For this example, let's go with a boar.  Boars have the Forest habitat (so they'd gain bonuses in forests, I think is mostly Game Master's call), an Omnivore diet, and their Cycle Is "twilight", meaning they operate best at dawn and dusk.  For "Senses", they have smell.  For "Weapons" they have hooves and tusks.  A boar's "Species Proficiencies" are the Digging, Endurance, and Tactics skills.  "Species Gifts" are Charging Strike, Increased Trait: Body, and Vengeful Fighter.

We'll revisit skills and Gifts later.

*Career*

Every character has at least one Career to start.  The Career has a Name, Description, Career Proficiencies (again not the book's term, they're three skills for which you get to use your Career die), Career Gifts, and Trappings (suggested starting gear).

For this example, I decided to go with "Vagabond", basically a wanderer out to see the world.  Their Career Proficiencies are Endurance, Gossip, and Observation, and their Career Gifts are Carousing, Cosmopolitan, and Streetwise.

The suggested Trappings are a Mace, cloth armor, and a large sack.  I won't be worrying about this for reasons we'll get to later.

*Personality*

Make up a personality.  This is the main defining trait of the character.

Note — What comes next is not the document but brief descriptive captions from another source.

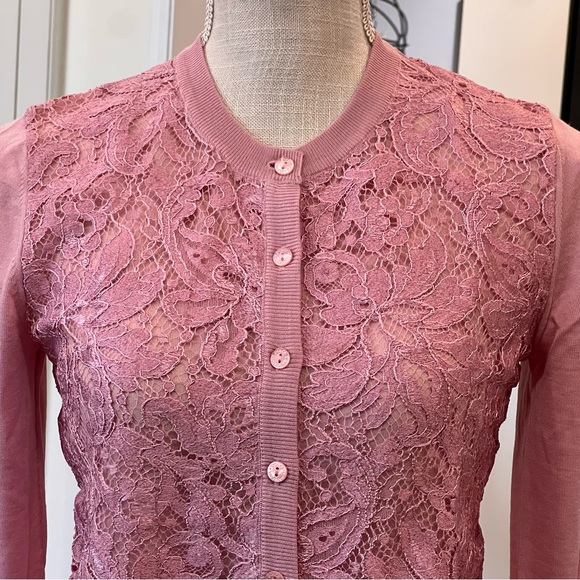 Pink Lace Cardigan - Picture 4 of 8
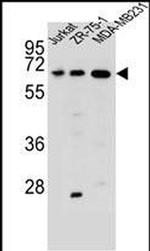 ZSCAN2 Antibody in Western Blot (WB)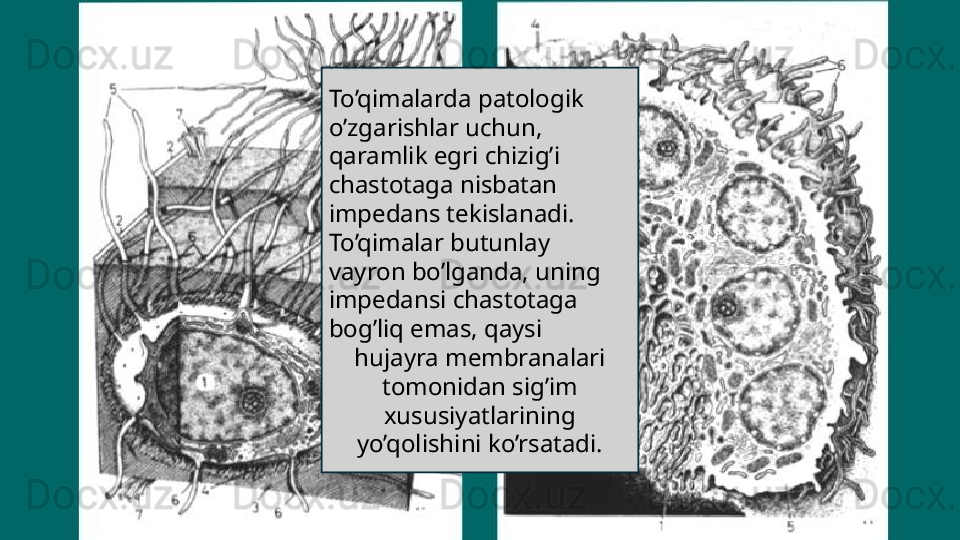 To’qimalarda patologik 
o’zgarishlar uchun, 
qaramlik egri chizig’i
chastotaga nisbatan 
impedans tekislanadi.
To’qimalar butunlay 
vayron bo’lganda, uning 
impedansi chastotaga 
bog’liq emas, qaysi
hujayra membranalari 
tomonidan sig’im 
xususiyatlarining 
yo’qolishini ko’rsatadi.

I'll make it easy for this example, pull from the "four humors" logic and refer to the character as having a "sanguine" personality.

*Local Knowledge*

Our Game Master will tell us where we start off, that's what this is.

*Skill Marks*

Okay, so in addition to the Career die and Species die, you can put Marks in a skill to represent outside training.  There's 26 skills in the game, don't have space to list them.

You have 13 Marks and unless a later Gift says so, you can't put more than 3 Marks in one skill during character creation.

Career and Species dice don't affect this, ignore them for now.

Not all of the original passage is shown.